Output: [{"text": "Turing", "label": "PER"}, {"text": "London", "label": "LOC"}]
Input: {input_text}
Output:"""
# 3. JSON Matching + occurrence — handles duplicate spans
matching_occ_prompt = """
Extract named entities. Include occurrence index to disambiguate repeated spans.
Example:
Input: The Paris agreement was signed in Paris.
Output: [{"text": "Paris", "label": "ORG", "occurrence": 1},
{"text": "Paris", "label": "LOC", "occurrence": 2}]
Input: {input_text}
Output:"""
# LOGITMATCH — implemented with vLLM LogitsProcessor (local LLM only)
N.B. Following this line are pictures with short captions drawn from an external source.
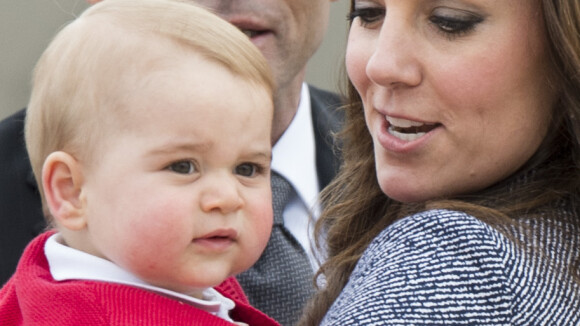 Kate Middleton, William et George : Un au revoir rouge coquelicot à l'Australie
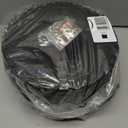 RUTU 2 Pack 4.10/3.50-4 Replacement Tire+Inner Tube with Bent Valve Stem for Lawn Mower Hand Truck Wheelbarrow Trailers Dollies Wagon Snowblower Compressor Generator Chipper All Purpose Utility (OFF-ROAD TIRES)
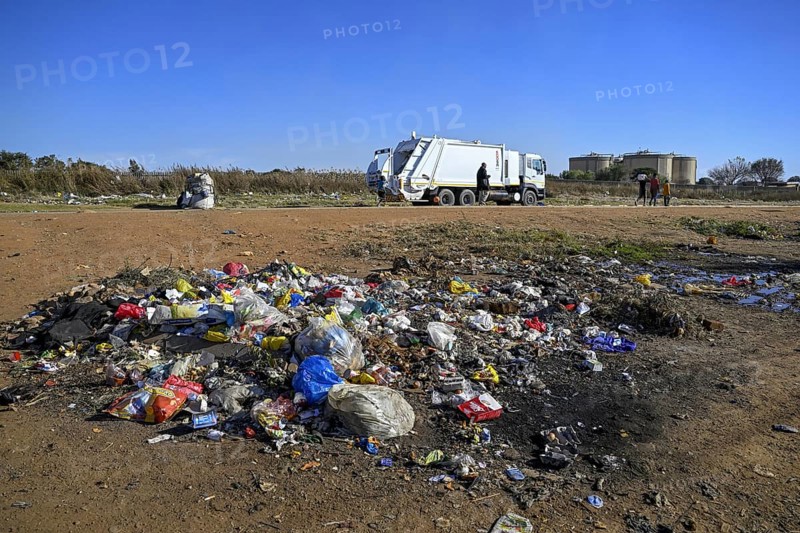 Rubbish and refuse collection in the former township of Soweto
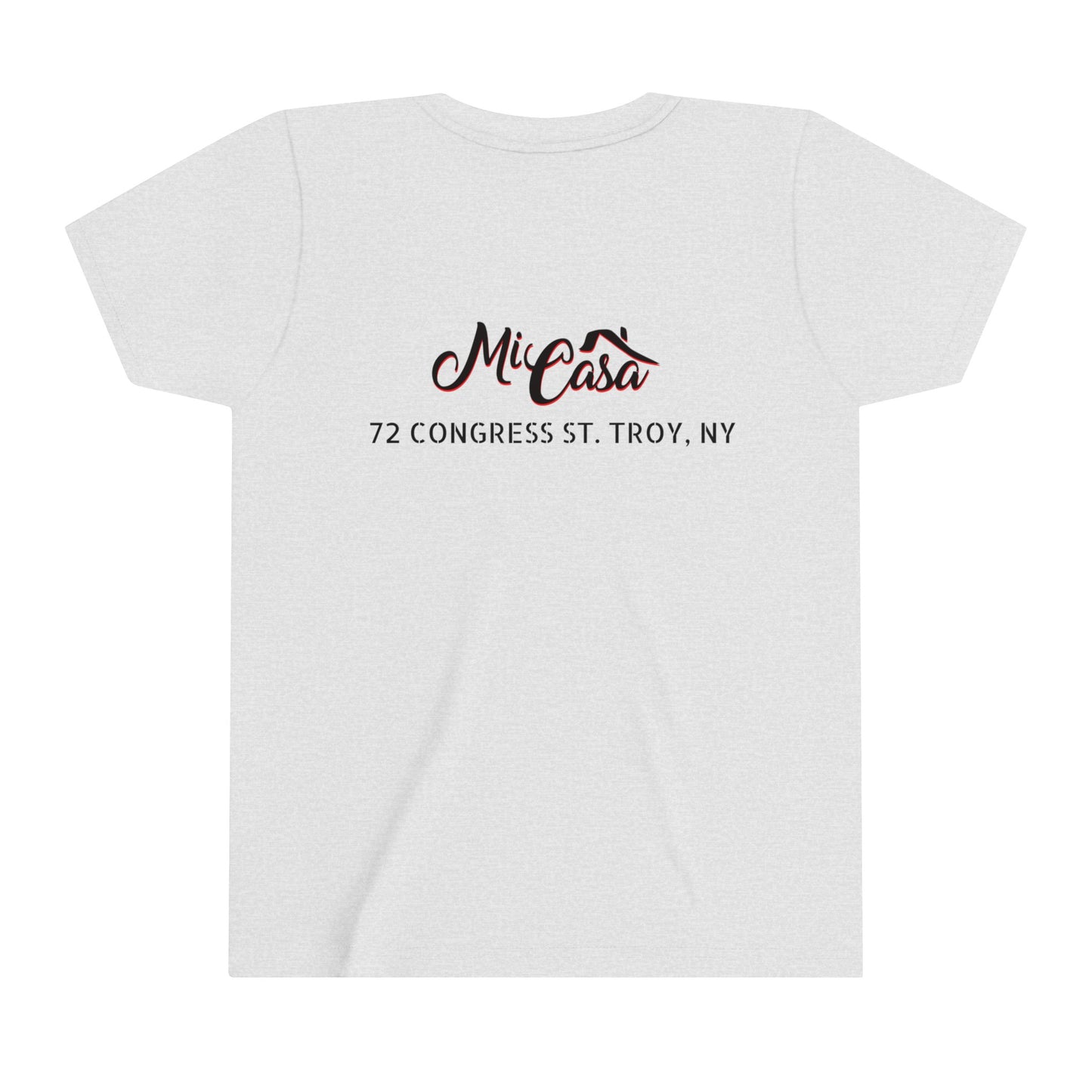 Mi Casa - Hola - Youth Short Sleeve Tee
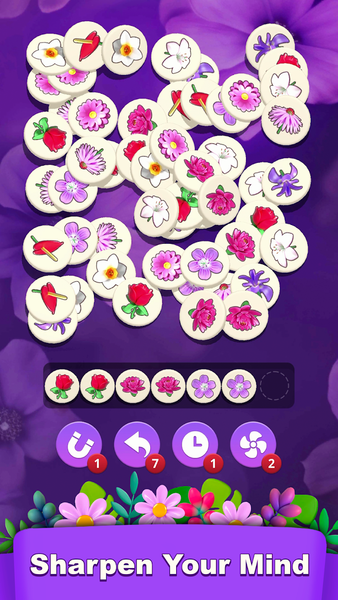 Zen Triple - Tile Match Puzzle - عکس بازی موبایلی اندروید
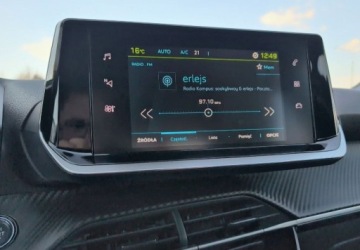 Peugeot 2008 II e-SUV Elektryczny 50kWh 136KM 2023 Peugeot 2008 e-2008 50kWh Allure SalonPL Bogata Wersja Od Reki FVat 136KM, zdjęcie 18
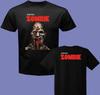 Zombie Lucio Fulci Horror Movie Men's Black Size S-3XL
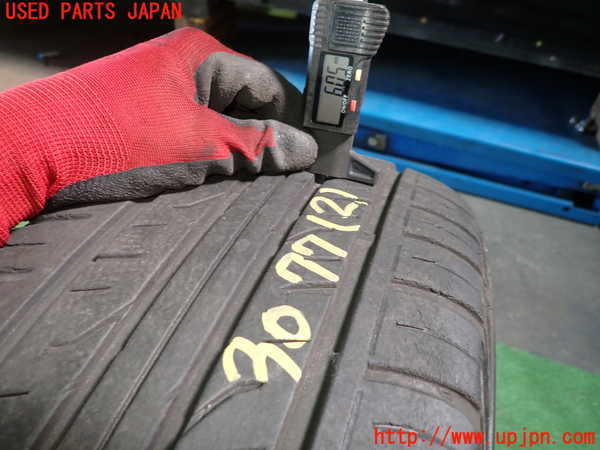 1UPJ-9230779042]クライスラー・300(LX36)タイヤ　ホイール　1本② 235/55R18 中古_4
# https://github.com/semindan/span_labeling referenceTerminology
Related Resources
Original Abstract (Expand)
Large language models (LLMs) are increasingly used for text analysis tasks, such as named entity recognition or error detection. Unlike encoder-based models, however, generative architectures lack an explicit mechanism to refer to specific parts of their input. This leads to a variety of ad-hoc prompting strategies for span labeling, often with inconsistent results. In this paper, we categorize these strategies into three families: tagging the input text, indexing numerical positions of spans, and matching span content. To address the limitations of content matching, we introduce LogitMatch, a new constrained decoding method that forces the model's output to align with valid input spans. We evaluate all methods across four diverse tasks. We find that while tagging remains a robust baseline, LogitMatch improves upon competitive matching-based methods by eliminating span matching issues and outperforms other strategies in some setups.